Alguna vez los hermanos nos hacían llenar cuestionarios para averiguar si habíamos sentido el llamado de Dios, y yo respondía siempre que no, que mi vocación era ser marino. Y, en verdad nunca experimenté como alguno que mis compañeros, crisis y sobresaltos religiosos.

No pude recoger mi libreta de notas ese fin de año, por alguna razón. Fui al día  siguiente. El colegio estaba sin alumnos. Me entregaron mi libreta en la dirección y ya partía cuando apareció el Hermano Leoncio, muy risueño. Me preguntó por mis notas y mis planes para las vacaciones. Me comía a preguntas, sin darme un intervalo para despedirme, y de pronto dijo que quería mostrarme algo y que viniera con él. Me llevó hasta el último piso del colegio donde los Hermanos tenían sus habitaciones, un lugar al que los alumnos nunca subíamos. Abrió la puerta y era su dormitorio: una pequeña cámara con una cama, un ropero, una mesita de trabajo, y en las paredes estampas religiosas y fotos. Lo notaba muy excitado hablando de prisa, sobre el pecado, el demonio o algo así, a la vez que escarbaba en su ropero.
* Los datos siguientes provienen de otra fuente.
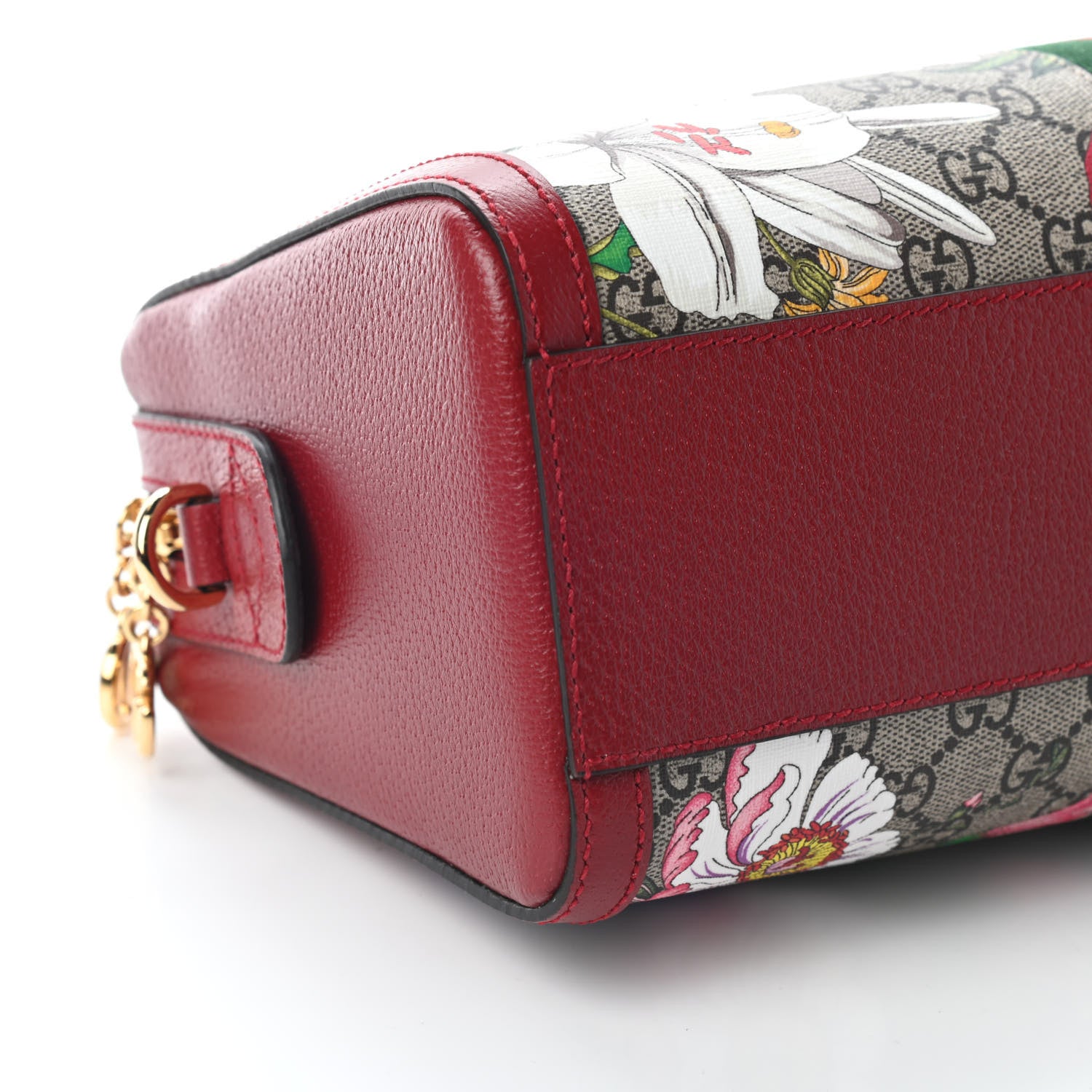 Gucci GG Supreme Monogram Flora Web Medium Ophidia Boston Red 8 of 9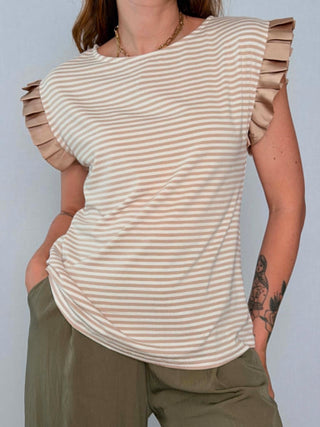 T-Shirt righe 21803B Beige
Comencé a sentirme incómodo. Por fin sacó unas revistas y me las alcanzó. La primera que abrí se llamaba Vea y estaba llena de mujeres desnudas.  Sentí gran sorpresa, mezclada con vergüenza. No me atrevía a alzar la cabeza, ni a responder pues, hablando de manera atropellada, el Hermano Leoncio se me había acercado, me preguntaba si conocía esas revistas, si yo y mis amigos las comprábamos y las hojeábamos a solas . Y, de pronto, sentí su mano en mi bragueta. Trataba de abrírmela y a la vez que, con torpeza, por encima del pantalón me frotaba el pene. Recuerdo su cara congestionada, su voz trémula, un hilito de baba en su boca. A él yo no le tenía miedo. Empecé a gritar: “Suélteme! Suélteme!” con todas mis fuerzas y el Hermano, en un instante, pasó de colorado a lívido. Me abrió la puerta y murmuró algo como “pero, por qué te asustas”. Salí corriendo hasta la calle.

Pobre Hermano Leoncio! Qué vergüenza pasaría el también, luego del episodio. Al año siguiente, el último que estuve en La Salle,  cuando me lo cruzaba en el patio, sus ojos me evitaban y había incomodidad en su cara.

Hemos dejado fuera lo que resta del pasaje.